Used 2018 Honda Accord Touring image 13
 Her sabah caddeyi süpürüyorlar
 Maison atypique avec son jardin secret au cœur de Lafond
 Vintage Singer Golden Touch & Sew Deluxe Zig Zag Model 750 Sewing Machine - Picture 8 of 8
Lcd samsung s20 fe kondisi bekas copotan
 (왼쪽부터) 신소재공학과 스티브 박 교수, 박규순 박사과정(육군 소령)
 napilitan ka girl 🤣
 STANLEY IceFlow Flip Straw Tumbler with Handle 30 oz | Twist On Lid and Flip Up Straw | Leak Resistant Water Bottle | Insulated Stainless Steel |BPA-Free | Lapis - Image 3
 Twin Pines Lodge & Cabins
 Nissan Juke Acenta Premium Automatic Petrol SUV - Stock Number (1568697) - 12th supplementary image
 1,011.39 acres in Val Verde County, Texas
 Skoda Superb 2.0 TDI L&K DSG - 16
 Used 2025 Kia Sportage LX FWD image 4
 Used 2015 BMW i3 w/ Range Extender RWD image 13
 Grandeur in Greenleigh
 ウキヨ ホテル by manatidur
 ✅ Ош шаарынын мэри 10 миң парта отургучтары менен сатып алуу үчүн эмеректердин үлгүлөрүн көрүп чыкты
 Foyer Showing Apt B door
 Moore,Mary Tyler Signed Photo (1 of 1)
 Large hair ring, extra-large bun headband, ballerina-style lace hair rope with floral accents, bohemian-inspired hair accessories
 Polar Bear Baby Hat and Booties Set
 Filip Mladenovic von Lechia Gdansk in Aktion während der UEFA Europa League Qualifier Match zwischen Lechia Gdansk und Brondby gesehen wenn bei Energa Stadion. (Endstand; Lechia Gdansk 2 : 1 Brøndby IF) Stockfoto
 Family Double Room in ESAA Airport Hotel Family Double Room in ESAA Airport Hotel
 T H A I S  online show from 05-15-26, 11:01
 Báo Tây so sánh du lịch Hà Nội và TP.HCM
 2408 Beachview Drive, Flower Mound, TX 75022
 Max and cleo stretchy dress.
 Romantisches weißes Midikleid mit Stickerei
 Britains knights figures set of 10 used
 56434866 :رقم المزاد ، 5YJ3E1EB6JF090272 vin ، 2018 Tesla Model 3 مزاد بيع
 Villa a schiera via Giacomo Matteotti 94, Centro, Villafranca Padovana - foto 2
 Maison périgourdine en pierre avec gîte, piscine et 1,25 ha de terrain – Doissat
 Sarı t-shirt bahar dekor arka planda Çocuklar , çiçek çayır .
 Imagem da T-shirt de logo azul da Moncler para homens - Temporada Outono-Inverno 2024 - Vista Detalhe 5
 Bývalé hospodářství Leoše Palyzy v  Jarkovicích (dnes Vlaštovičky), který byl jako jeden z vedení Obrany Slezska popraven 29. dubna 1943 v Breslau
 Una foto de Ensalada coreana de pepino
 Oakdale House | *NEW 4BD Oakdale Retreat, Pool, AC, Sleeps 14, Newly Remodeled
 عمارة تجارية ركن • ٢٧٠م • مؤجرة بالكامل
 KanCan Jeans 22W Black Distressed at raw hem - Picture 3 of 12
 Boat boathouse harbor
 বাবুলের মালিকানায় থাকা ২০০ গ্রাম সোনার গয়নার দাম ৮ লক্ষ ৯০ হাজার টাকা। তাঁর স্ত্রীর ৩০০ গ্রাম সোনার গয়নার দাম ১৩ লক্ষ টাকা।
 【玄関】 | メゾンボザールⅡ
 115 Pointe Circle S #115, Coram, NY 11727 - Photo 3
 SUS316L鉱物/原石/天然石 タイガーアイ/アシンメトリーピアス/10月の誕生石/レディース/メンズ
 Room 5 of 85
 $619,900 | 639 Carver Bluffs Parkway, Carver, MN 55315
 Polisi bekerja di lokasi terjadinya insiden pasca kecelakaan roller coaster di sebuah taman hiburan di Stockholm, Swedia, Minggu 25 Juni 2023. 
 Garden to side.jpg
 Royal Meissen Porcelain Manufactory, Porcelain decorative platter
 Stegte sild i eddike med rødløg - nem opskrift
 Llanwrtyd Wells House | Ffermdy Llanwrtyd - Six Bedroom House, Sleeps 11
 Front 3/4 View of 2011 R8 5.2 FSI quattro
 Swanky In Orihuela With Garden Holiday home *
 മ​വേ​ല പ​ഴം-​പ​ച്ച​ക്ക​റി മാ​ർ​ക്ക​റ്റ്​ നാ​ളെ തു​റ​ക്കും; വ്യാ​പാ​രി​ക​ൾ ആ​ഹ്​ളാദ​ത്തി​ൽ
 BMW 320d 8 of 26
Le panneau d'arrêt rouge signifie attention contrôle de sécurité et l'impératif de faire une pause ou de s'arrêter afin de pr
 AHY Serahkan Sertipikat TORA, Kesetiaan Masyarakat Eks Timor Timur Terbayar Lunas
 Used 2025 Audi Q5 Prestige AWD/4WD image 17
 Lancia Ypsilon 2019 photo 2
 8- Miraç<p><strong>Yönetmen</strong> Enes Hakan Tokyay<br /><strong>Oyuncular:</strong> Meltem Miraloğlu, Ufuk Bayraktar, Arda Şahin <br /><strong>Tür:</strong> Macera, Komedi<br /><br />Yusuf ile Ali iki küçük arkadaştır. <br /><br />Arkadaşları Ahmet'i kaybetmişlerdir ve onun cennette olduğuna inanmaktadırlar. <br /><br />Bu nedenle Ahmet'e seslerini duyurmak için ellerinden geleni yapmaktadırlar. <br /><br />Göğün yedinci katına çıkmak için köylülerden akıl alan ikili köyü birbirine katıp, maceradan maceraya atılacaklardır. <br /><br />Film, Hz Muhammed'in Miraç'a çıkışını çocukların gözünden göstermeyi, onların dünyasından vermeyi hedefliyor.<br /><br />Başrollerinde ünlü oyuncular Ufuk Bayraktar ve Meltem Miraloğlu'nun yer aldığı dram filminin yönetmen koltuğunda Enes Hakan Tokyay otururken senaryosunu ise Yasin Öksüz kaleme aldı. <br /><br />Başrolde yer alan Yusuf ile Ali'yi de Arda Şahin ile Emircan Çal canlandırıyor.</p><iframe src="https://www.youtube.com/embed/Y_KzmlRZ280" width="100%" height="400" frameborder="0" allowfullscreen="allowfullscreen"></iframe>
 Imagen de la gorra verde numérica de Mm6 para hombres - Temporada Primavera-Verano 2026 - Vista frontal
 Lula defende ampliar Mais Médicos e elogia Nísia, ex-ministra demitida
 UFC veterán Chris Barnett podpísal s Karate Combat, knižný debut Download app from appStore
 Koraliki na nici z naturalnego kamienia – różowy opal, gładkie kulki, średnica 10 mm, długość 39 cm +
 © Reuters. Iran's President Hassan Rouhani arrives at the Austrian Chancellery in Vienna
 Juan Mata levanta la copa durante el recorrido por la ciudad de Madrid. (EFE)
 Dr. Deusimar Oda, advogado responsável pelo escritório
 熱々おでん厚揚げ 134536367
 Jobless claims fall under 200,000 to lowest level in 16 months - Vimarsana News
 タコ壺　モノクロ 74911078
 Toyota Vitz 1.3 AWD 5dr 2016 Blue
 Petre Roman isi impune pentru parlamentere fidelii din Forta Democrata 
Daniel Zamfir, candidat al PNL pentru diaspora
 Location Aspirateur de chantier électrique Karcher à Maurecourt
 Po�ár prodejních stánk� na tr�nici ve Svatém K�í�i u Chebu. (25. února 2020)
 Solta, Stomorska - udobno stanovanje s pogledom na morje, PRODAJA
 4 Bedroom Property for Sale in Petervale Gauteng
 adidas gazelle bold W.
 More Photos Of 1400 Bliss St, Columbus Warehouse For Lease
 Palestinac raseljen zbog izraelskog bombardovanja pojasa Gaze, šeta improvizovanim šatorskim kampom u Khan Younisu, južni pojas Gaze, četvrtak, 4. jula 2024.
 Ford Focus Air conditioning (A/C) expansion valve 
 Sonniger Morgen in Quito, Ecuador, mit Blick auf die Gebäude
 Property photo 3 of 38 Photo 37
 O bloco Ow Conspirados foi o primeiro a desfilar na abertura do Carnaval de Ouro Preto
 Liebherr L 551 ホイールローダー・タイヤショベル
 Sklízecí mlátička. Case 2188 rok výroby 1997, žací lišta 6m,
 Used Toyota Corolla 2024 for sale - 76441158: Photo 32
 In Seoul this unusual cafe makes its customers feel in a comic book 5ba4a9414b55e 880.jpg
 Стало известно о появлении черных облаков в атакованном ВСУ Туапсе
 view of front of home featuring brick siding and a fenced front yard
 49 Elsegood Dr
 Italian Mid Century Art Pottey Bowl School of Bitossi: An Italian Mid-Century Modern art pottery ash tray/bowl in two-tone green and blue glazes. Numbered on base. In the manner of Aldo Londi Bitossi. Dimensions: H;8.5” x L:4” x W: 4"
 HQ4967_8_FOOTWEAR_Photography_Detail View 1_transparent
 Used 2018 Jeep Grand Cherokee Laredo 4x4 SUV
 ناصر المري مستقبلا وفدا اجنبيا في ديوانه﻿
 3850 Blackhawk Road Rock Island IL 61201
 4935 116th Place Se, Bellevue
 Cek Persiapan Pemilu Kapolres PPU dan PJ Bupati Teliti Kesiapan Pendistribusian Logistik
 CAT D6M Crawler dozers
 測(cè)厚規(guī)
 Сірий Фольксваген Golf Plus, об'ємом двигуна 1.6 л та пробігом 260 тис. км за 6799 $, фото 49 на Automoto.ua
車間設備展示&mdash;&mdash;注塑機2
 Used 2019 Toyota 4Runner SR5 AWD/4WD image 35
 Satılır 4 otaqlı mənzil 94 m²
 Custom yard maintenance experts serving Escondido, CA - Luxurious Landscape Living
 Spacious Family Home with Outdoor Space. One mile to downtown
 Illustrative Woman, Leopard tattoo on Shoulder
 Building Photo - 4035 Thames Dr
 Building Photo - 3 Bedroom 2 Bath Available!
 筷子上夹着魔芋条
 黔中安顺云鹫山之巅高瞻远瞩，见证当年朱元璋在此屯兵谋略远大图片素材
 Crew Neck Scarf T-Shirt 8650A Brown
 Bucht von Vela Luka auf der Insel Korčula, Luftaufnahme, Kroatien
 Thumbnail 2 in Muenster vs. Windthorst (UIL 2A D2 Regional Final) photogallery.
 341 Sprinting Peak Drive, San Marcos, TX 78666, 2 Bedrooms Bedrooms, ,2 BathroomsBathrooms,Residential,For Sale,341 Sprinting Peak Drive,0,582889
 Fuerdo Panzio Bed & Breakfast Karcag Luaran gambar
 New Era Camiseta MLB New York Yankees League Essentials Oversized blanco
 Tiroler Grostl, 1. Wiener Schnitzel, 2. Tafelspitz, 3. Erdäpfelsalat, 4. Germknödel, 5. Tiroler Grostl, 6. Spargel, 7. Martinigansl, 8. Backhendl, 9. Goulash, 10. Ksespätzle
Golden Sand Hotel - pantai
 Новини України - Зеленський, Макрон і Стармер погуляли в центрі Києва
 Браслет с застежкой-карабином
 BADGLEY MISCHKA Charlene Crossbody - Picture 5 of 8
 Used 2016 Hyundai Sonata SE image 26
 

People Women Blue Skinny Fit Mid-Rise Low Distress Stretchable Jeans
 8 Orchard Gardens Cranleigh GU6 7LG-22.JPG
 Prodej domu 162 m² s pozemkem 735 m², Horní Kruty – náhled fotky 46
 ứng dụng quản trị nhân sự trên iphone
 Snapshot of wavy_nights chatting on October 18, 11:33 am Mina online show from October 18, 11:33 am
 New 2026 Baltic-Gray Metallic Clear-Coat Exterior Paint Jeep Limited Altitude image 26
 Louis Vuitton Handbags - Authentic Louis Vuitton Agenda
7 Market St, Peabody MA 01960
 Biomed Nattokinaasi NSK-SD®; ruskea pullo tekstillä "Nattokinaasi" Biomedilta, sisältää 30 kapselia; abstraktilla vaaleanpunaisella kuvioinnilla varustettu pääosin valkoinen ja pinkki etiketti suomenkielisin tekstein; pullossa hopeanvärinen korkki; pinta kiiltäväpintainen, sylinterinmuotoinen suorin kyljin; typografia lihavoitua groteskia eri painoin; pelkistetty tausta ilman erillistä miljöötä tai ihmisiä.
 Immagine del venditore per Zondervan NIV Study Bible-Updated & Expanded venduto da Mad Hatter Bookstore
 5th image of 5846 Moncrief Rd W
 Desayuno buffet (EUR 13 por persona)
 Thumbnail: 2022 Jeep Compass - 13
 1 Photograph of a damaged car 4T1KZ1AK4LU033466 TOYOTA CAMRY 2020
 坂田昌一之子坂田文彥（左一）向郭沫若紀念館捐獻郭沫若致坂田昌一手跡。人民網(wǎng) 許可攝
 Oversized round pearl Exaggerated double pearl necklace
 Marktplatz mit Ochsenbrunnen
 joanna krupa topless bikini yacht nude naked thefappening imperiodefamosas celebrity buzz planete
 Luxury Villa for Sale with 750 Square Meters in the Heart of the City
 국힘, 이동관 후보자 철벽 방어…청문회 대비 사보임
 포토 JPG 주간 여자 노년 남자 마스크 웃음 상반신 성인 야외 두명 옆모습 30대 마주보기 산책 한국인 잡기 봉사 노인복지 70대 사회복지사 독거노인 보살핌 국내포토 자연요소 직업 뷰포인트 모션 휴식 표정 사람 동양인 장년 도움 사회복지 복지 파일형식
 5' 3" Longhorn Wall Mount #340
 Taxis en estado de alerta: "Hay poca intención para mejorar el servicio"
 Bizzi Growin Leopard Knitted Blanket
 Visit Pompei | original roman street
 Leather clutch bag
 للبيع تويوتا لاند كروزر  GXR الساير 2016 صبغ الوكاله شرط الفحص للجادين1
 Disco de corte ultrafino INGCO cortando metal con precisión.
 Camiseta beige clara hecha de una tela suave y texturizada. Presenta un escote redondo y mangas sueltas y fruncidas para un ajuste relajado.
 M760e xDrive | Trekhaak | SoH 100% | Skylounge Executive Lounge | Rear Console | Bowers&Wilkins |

> _Your objective_: Transcribe, please, every line from the first line of the listing above through the line with "Twin Pines Lodge & Cabins". Keep both ends and nothing else.

> _Output of the task_:
Used 2018 Honda Accord Touring image 13
 Her sabah caddeyi süpürüyorlar
 Maison atypique avec son jardin secret au cœur de Lafond
 Vintage Singer Golden Touch & Sew Deluxe Zig Zag Model 750 Sewing Machine - Picture 8 of 8
Lcd samsung s20 fe kondisi bekas copotan
 (왼쪽부터) 신소재공학과 스티브 박 교수, 박규순 박사과정(육군 소령)
 napilitan ka girl 🤣
 STANLEY IceFlow Flip Straw Tumbler with Handle 30 oz | Twist On Lid and Flip Up Straw | Leak Resistant Water Bottle | Insulated Stainless Steel |BPA-Free | Lapis - Image 3
 Twin Pines Lodge & Cabins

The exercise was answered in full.